THE broadcasting regulator is expected to formally award the licence for the next generation of paid-for TV to the One Vision consortium early next week.
The development will come as a major relief to the regulator, which was severely wrong-footed by Boxer DTT's recent decision to walk away from the project it pledged to invest €165m in last summer.
Next week's anticipated announcement follows a meeting between all four parties in the One Vision consortium and Broadcasting Commission of Ireland (BCI) bosses on Tuesday.
At the meeting, TV3, Setanta, Eircom and UK broadcasting company Arqiva all told the BCI they remained willing and able to role out the new technology.
Notes on the meeting have now been sent to the BCI's directors ahead of their regular board meeting on Monday morning.
Barring any objections from board members, the commission is expected to formally award the contract to One Vision late on Monday or early on Tuesday and begin detailed negotiations. The contract will give One Vision control of the commercial side of the new Digital Terrestrial Television (DTT) platform, which will eventually replace terrestrial television.
State broadcaster RTE is in charge of the public service part of DTT, and its networks arm RTENL will look after the technology. Difficulties in agreeing terms with RTENL were cited as a reason for Boxer DTT's withdrawal from the project, coupled with the changed "economic circumstances".
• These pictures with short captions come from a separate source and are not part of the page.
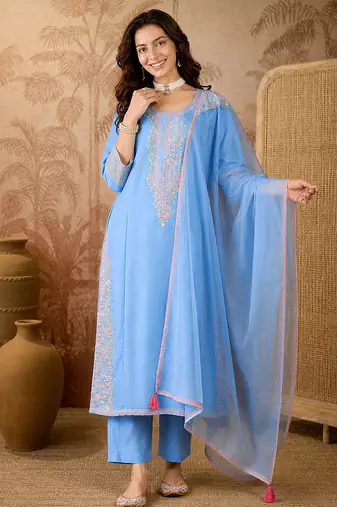 Women's Gorgeous Embroidery Viscose Silk Fabric Straight Kurta Pant and Dupatta Set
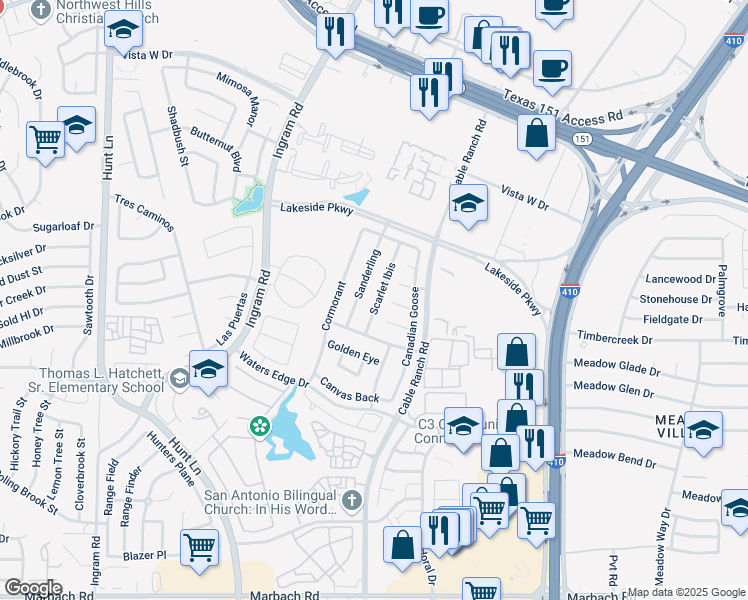 map of restaurants, bars, coffee shops, grocery stores, and more near 710 Sanderling in San Antonio
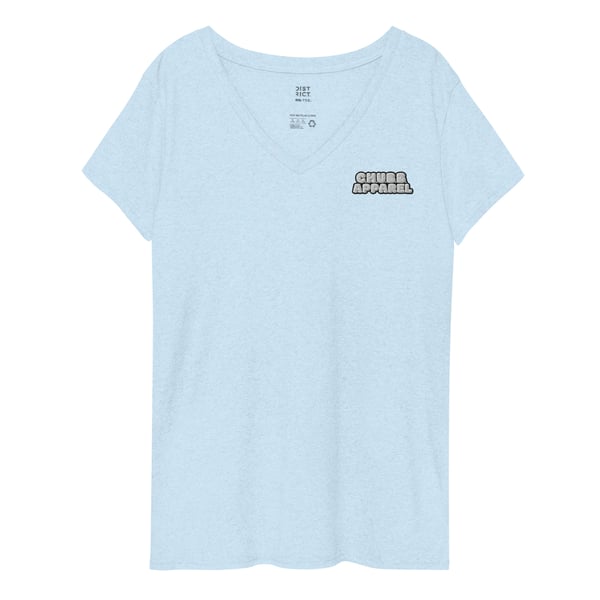 Image of Women’s recycled v-neck t-shirt (Embroidered Logo)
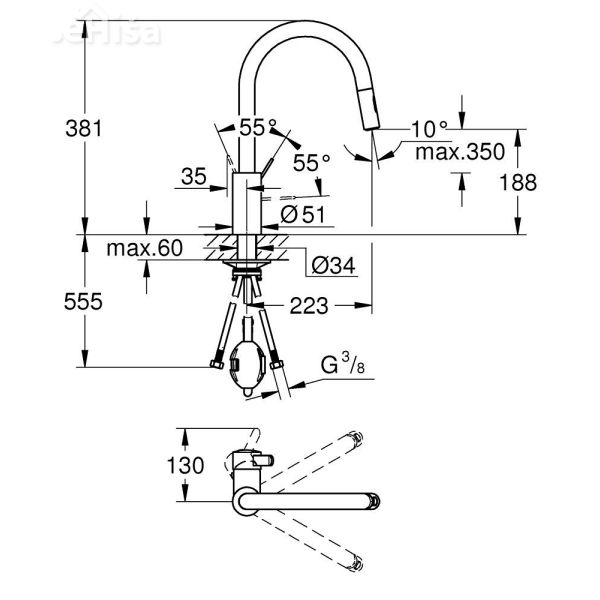 Izvlečna kuhinjska armatura Eurostart Cosmopolitan krom GROHE 31481001
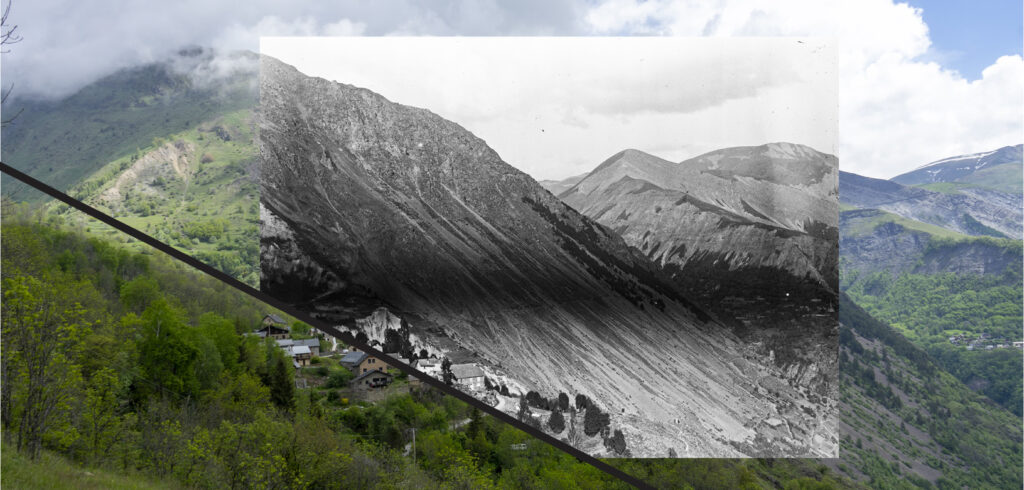 Montage de deux photographies du même versant prises à un siècle d’intervalle : une image ancienne en noir et blanc montrant le paysage à l’époque ; une photographie récente en couleur du même point de vue, mettant en évidence les évolutions du relief, de la végétation et de l’occupation humaine.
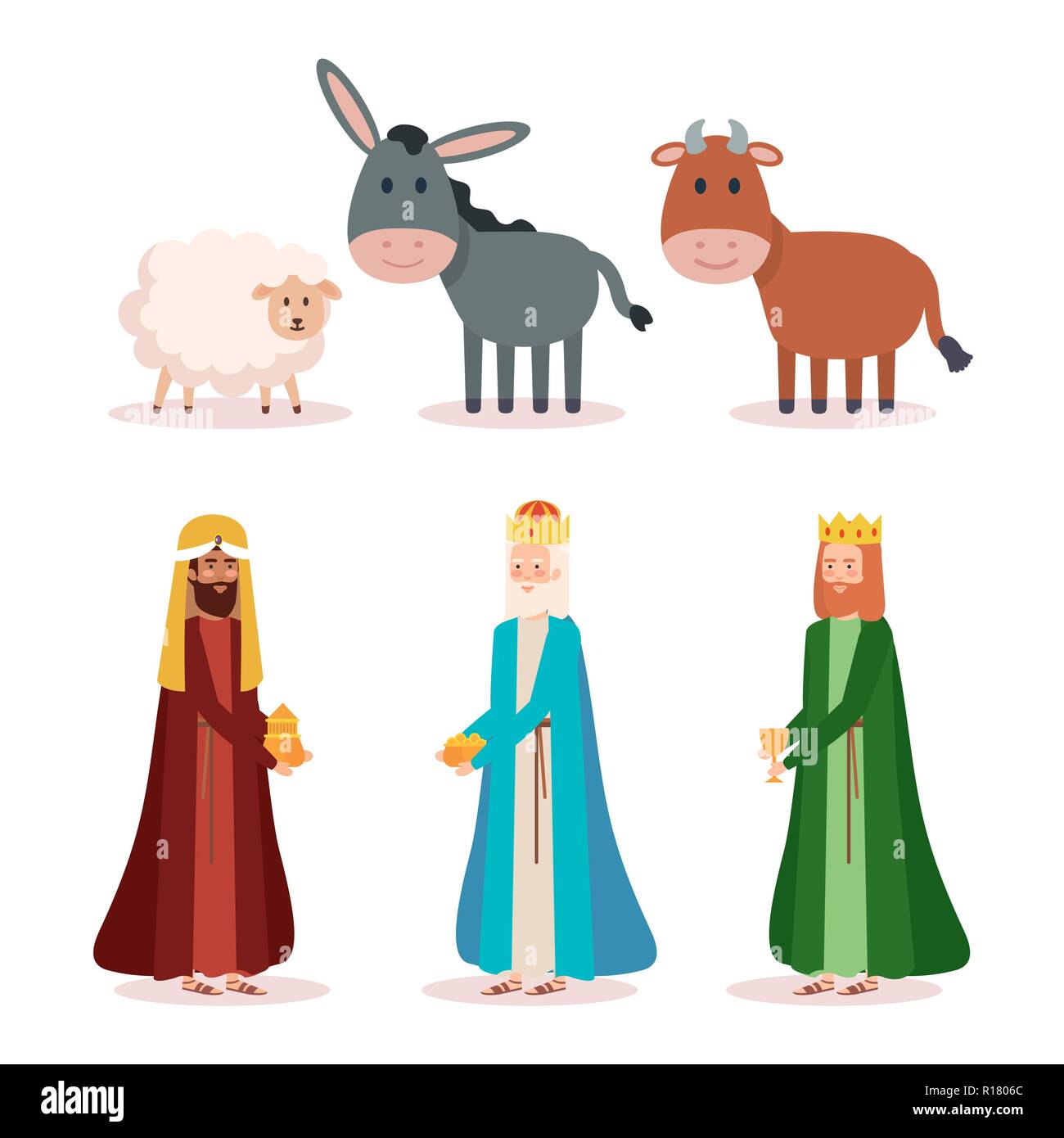 wise kings and animals manger characters vector illustration design Stock Vector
Monday's BCI board meeting is also scheduled to revisit the "ownership and control" of Denis O'Brien's radio group Communicorp.
Last July, the BCI concluded that Mr O'Brien's then stake of 25pc in Independent News & Media (IN&M) coupled with his radio interests did not present any cross-media ownership issues. At the time, Mr O'Brien who now owns 26.1pc in IN&M, had no influence on the board of INM.
Three new directors have since been appointed to the board prompting the BCI to revisit the issue.